John locked himself in his room last night. He was on a tear yesterday, making messes everywhere he went, calling people, including his beloved babysitter Jennifer, dumber—I have to assume this word is related to the word dumb—and yelling if he didn’t like, for example, the food on his plate at his class’ Thanksgiving lunch. Take it off my plate! Right now! Well, I immediately instituted a rational system for training him to behave better and he was able to control himself. Just kidding! He continued like this for the rest of the day, including a period in the later afternoon where he ran from room to room trying to lock himself in. Jennifer was able to thwart him in this plan for most of the afternoon but didn’t realize that he had a lock on the door to his room, and so while I was making dinner his efforts met with success.

John’s door fits smoothly and almost seamlessly into its frame.

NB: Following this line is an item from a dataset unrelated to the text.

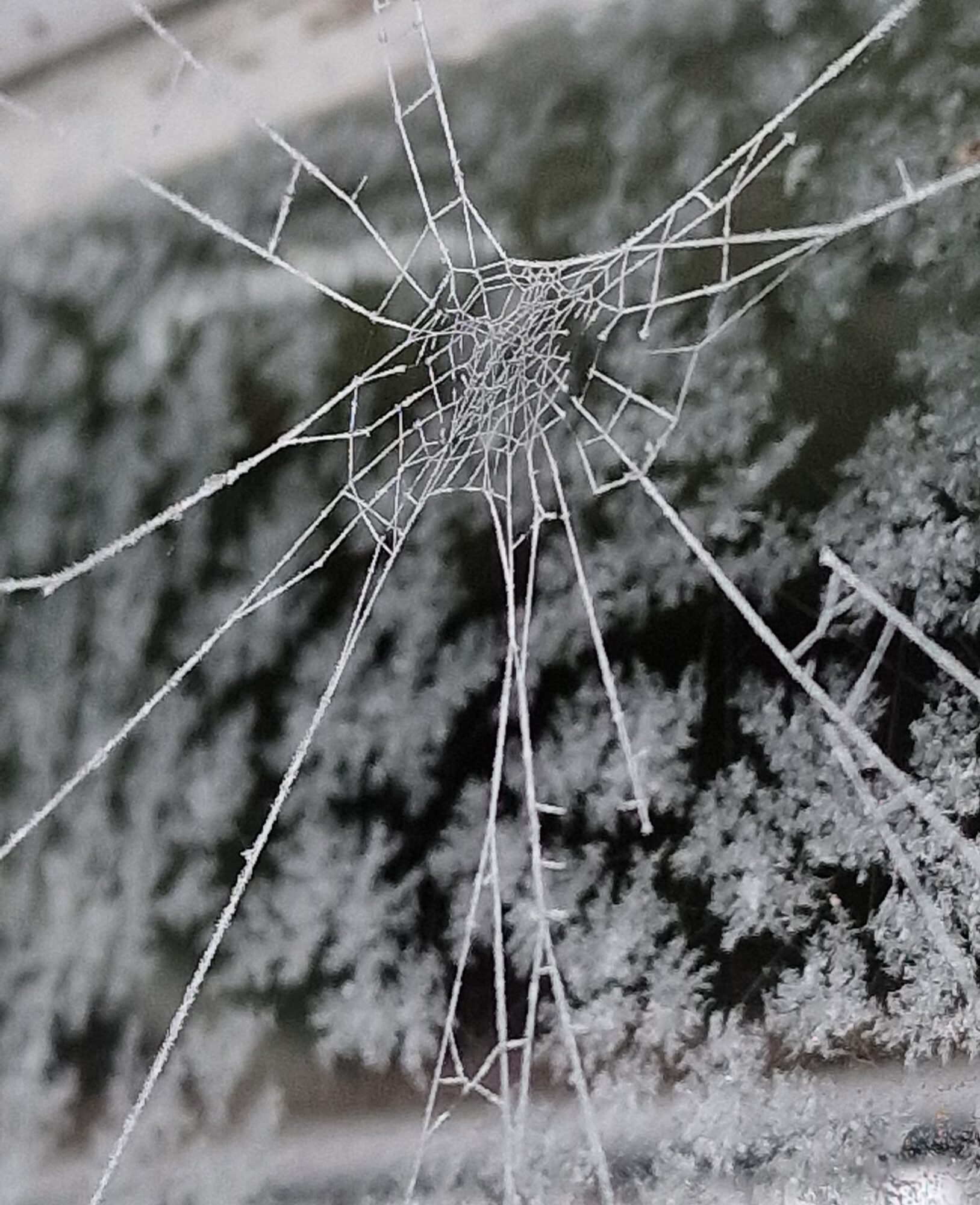 Valokuvaaja: Hanna Rönty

The hinges are on the inside, and the only hardware on the outside is a very small, barely attached brass knob, and a tiny keyhole useless because we have no key, because John had stuffed a stick in it, and because in any case it isn’t attached to the lock mechanism. I know how the door locks, it locks on the inside with a tiny button on the bottom of the black box the knob comes through. I was sweet and calm. I spoke to him gently. His big eye looked out at me through the keyhole and my big eye looked back at him. I told him what to do to unlock the door. Instead he rattled the knob. I tried to tell him again. He kept rattling the knob. I said, John, sit on the floor please and look up at the black box on the door and just move that little button over and he said, I want the workmen to come and break down my door. Then I smacked my hand against his door so hard it turned red, frightening him and making him cry.

Then the crazy period began, in which everyone in the house stood outside John’s door and tried to get him to unlock it and he stared at us through the keyhole and jiggled the knob instead.

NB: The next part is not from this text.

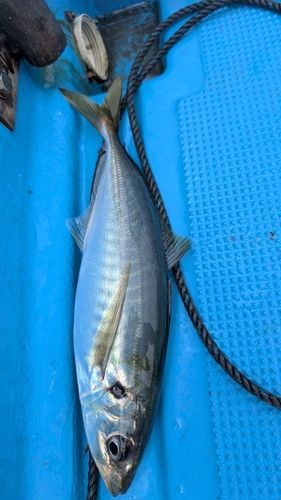 マルアジの釣果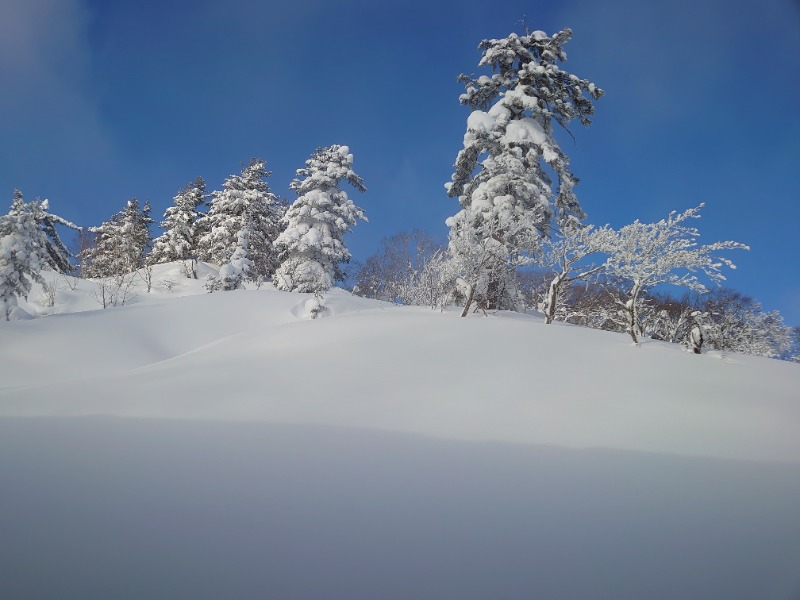 温泉登山トラベラーさんの後生掛温泉のサ活写真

We called the workmen and Dom, the owner’s father, rushed over to our house with tools and realized that he had to crawl out onto the roof so stepped out onto the roof and broke the screen over John’s window and climbed in and unlocked the door and everyone was happy. There hasn’t been, yet, an appropriate time for me to take John aside to tell him that if he ever pulls a stunt like that again I’m going to kill him.